An important part of problem-solving is finding and removing barriers to progress, when people are trying to do a desirable thing and can't because they're blocked. So then you have to figure out what's stopping them and get rid of the barrier or create a way around it.

A related type of problem is what's called a "gravy stain" problem in a volunteerism handbook I read. Sometimes there's an unpleasant side effect to a desirable program -- in the sample, cheap containers on charity meals meant the delivery people always wound up with spilled gravy in their cars. Then you have to find what's annoying people so much that they avoid the program, and change things to be less annoying.

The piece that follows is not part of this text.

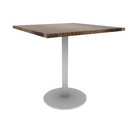 Proof 36" Square Pedestal Counter Table with Round Base Solid Wood Top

Government-run systems tend to be clunky and frustrating, so people frequently avoid them. Making services more user-friendly and sane would help a lot. This can often be achieved by doing them at the local level, and preferably, by other groups besides the government so it doesn't have to get involved. Frex, a temp service for people of variable health could be run by and for the partially-able, as a business. That childcare co-op is another good idea, even though it didn't work out in your case. I've seen a bare handful of Christian charities that seriously impressed me because they didn't proselytize much, just set about that "give everything you have to the poor, and follow me" thing.

That reminds me, my favorite charity is Heifer International:
http://www.heifer.org/
They provide livestock to poor people around the world, to help them out of poverty. The program includes education on livestock care, and requires recipients to pass on the gift to other families when their livestock reproduces. It works.

That's the kind of model we need to be replicating and applying to different situations. Suppose a city has a problem with illiteracy. They can start offering classes in reading comprehension. At the end of the first program, students can move up to a more challenging one -- and start tutoring the new students in the first class. This helps take some of the load off the teachers, and speeds skill improvement for the tutors. After a few more rounds, some of the better students will be good enough to start teaching that first class all by themselves, and they'll be an inspiration to new students as to what can be accomplished.

Don't just look at what people need. Look at what they can do.

When my husband and I were both unemployed, we ended up with positions in Americorps, which is like a domestic peacecore. The living stipend wasn't great, but what made it worth it was that it did pay for most of the child care. I payed $2 a week for my son who was 8 months old at the time, to go to a day care of my own choice.

http://www.americorps.org/

Deleted comment

Yes, mental health care is an important need in reducing poverty and homelessness. Health care in general needs a total overhaul (people can't work if they are sick/injured or caring for a relative who is) but that's another topic.
Perhaps I'm demonstrating my lack of life experience here, but...

My perspective on this is ... uncommon. I share the liberal sentiment that a decent society ought not to allow its poorer citizens to starve and die, and so should provide an effective social safety net. I also share the conservative sentiment that giving free handouts, especially on an indefinite basis, does not encourage self-sufficiency and can encourage indolence. There is a profoundly practical aspect to my stance: if people are left without their basic survival needs met, they have a tendency to cause problems and wind up in jail or in the emergency room; and that's *expensive* and ruinous to good order.

This is truly an "uncommon" viewpoint? I mean, to me, it makes perfect sense, and it runs pretty close with my own general theories on how society should be run.
Uncommon, well ...

1) It isn't done often or widely. It isn't exactly like the liberal paradigm (big government, heavy spending in social arena) or conservative paradigm (small government, low spending in social arena).

2) No matter whether I'm in a liberal or a conservative environment, describing my ideas on social safety nets tends to aggravate people.